Much of the FSC certified wood purchased by IKEA comes from Poland and Sweden, but some is also sourced in Russia and China where support to increase FSC certification has been a priority for the partnership since the start in 2002. Since then, joint projects have contributed to multiplied certified forest areas in China, and helped making Russia the world’s second largest country by certified forest areas although FSC certification was introduced here only 13 years ago.
“The work we do with WWF to increase the availability of FSC certified wood is important, and we are seeing some good results. many of the countries we source from cannot supply sufficient volumes of certified wood. One must remember that forest certification is a lengthy process – it takes years to achieve, especially when forest management starts from a low level,” says Anders Hildeman.

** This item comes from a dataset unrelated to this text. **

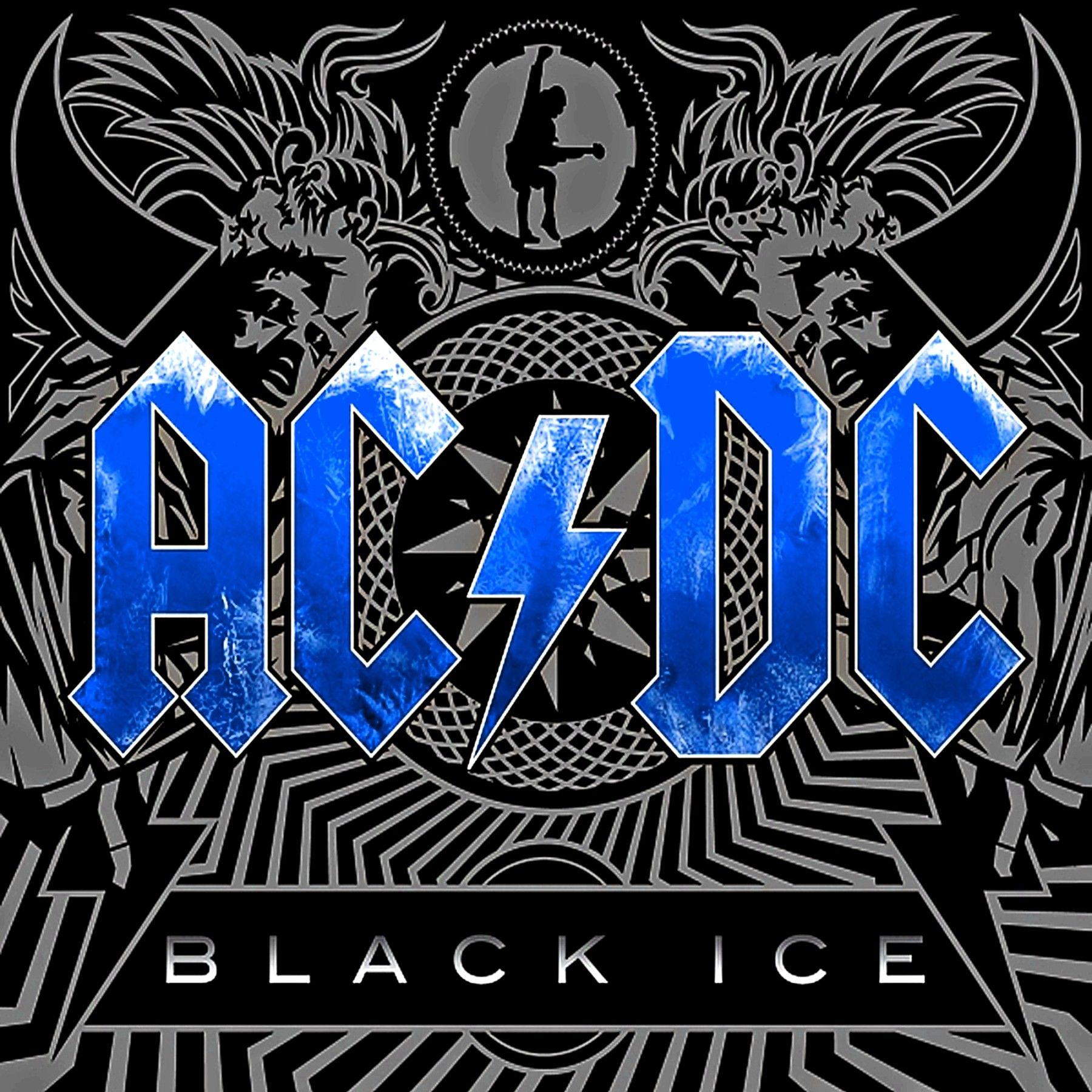 [AllCDCovers] acdc black ice 2008 custom cd front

George White believes increased consumers demand would help motivate forest owners and companies to speed up developments: “Today only around 12%* of the Swedes know what FSC stands for, while the recognition is higher in countries like the UK and Germany.”
According to the FSC, Germany had a 28.2%* prompted recognition of the FSC label in 2011, and 43%* of people in the UK recognize the FSC logo. In Russia, where FSC certification was first introduced in 2000, the FSC label recognition was less than 7%* in 2011.

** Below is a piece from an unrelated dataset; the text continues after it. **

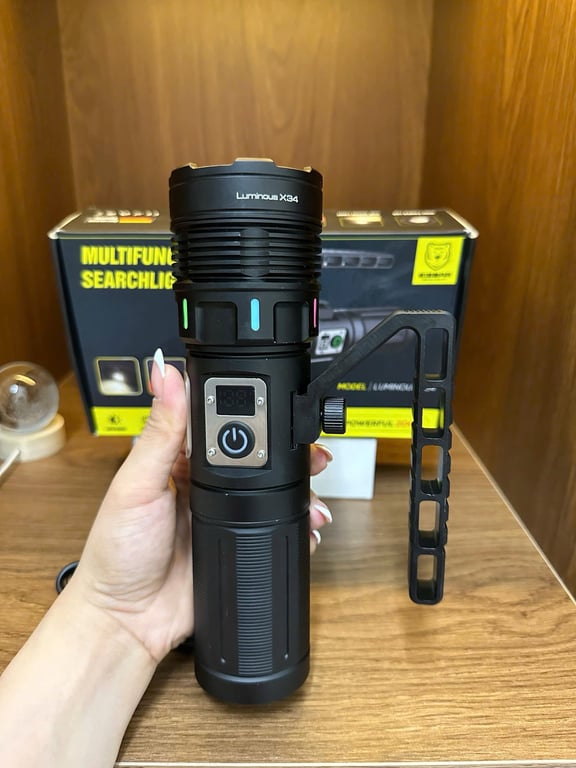 Đèn pin Luminous X34 – Eisbar Germany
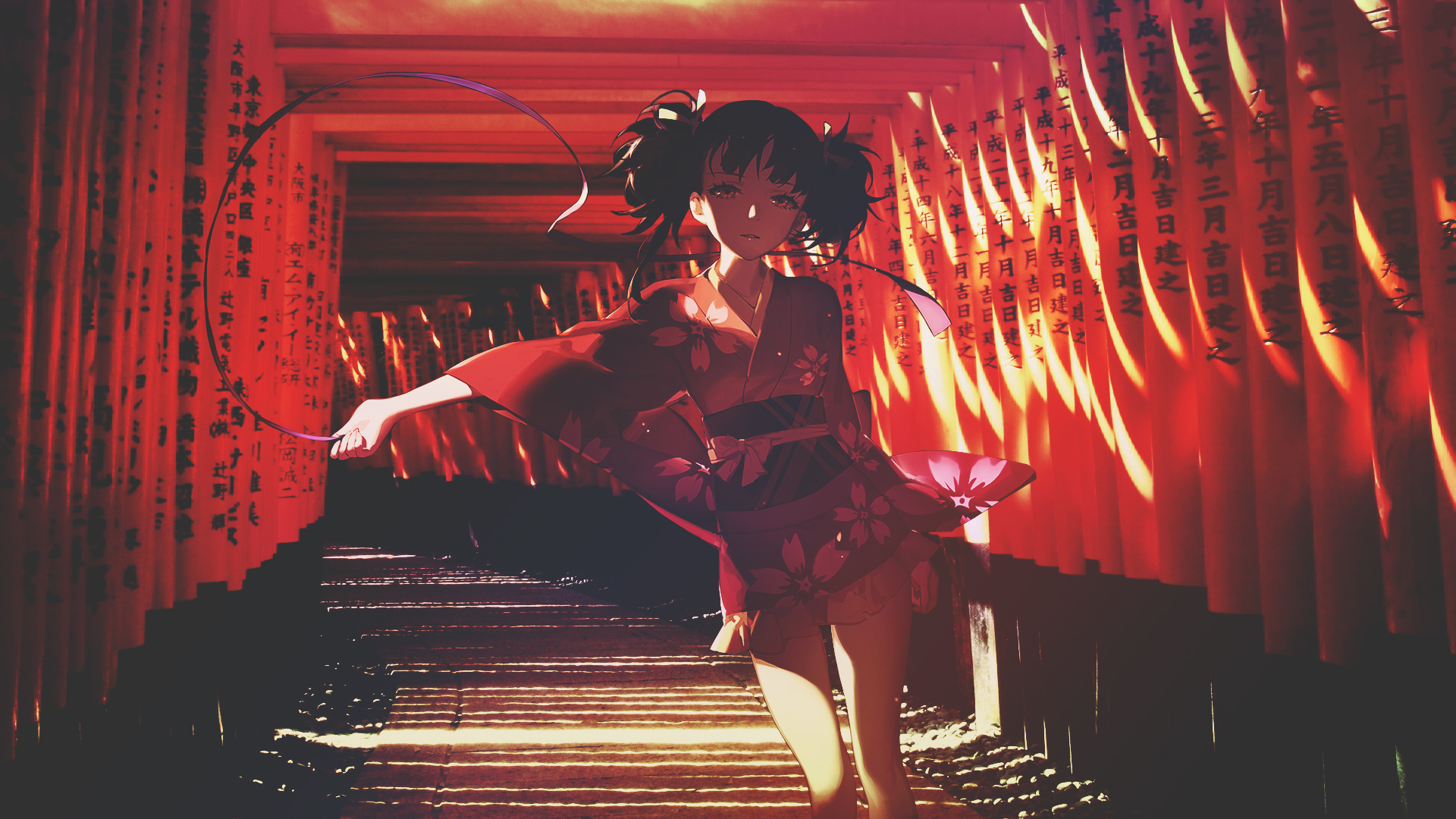 イラストを描く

*Source: FSC Market Pack info 2012
No FSC label on IKEA furniture
Still, IKEA remains reluctant to use the FSC label on its home furnishing range, with the exception of some outdoor furniture. The company argues that its own logo stands for products that are safe and produced with respect for people and the environment, but this is not the only reason why the company has chosen not to use any labels for certification of social and environmental responsibility on its home furnishing range.
“IKEA is a global company, and the logistical challenge to ensure that a product is made from 100% FSC certified wood is enormous. A kitchen table can be manufactured in several countries by different suppliers and may consist of a combination of wood-based materials – solid wood, veneer, particleboard and even cardboard – that in turn are sourced from multiple sub-suppliers in regions with only limited access to FSC certified wood,” explains Anders Hildeman.

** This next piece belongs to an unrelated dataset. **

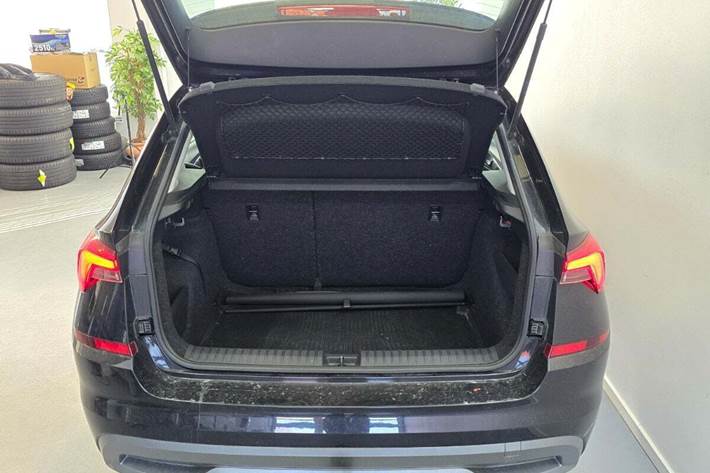 Sort Skoda Kamiq fra 2021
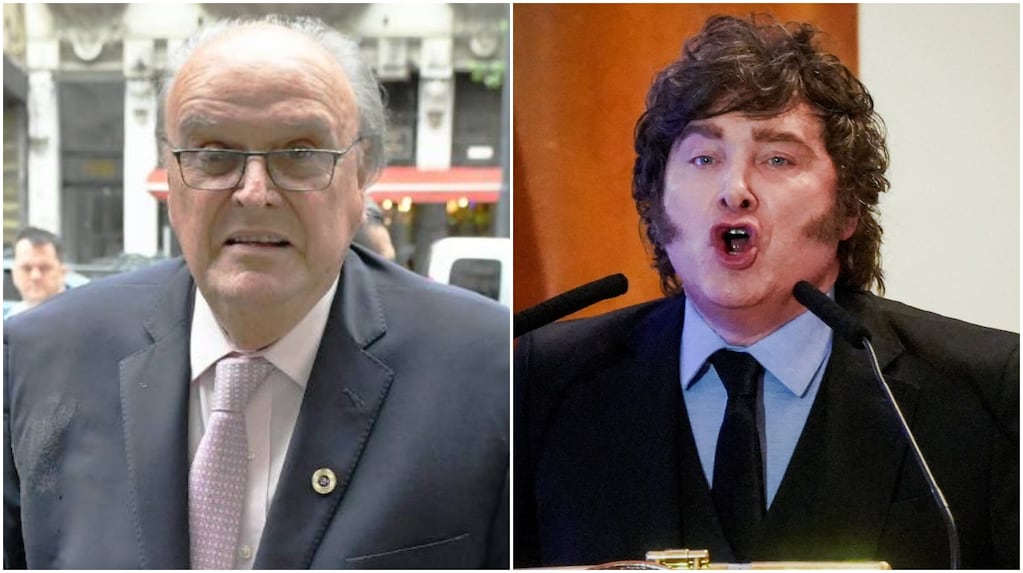 José de Mendiguren anticipó que podría denunciar a Milei por haberlo tratado de «ladrón» en La Rural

Still, WWF intends to keep pushing for FSC labelling:
”We want IKEA to use the FSC label. We understand the challenges associated with labelling products made from mixed materials, but labelling is a crucial step to support the transformation to a more sustainable forest sector,” says Marcus Albers, Manager Corporate Partnerships WWF Sweden.
Looking into paper and packaging
IKEA uses wood not only for its solid wood and wood-based board products, but also for paper and packaging. Around 85% of the signature brown cardboard flatpacks are made from recycled wood fibres and almost 70% in the IKEA Catalogue is made from FSC certified chain of custody fibre. However, no collated figures are available concerning the fibres in office paper, toilet paper, napkins and the many other paper types used by IKEA worldwide.
“Looking into this is a huge job as it involves so many paper products and because decision making and purchases are spread across so many people all over the world, but we have recently recruited a dedicated resource to start this process,” Anders Hildeman reveals.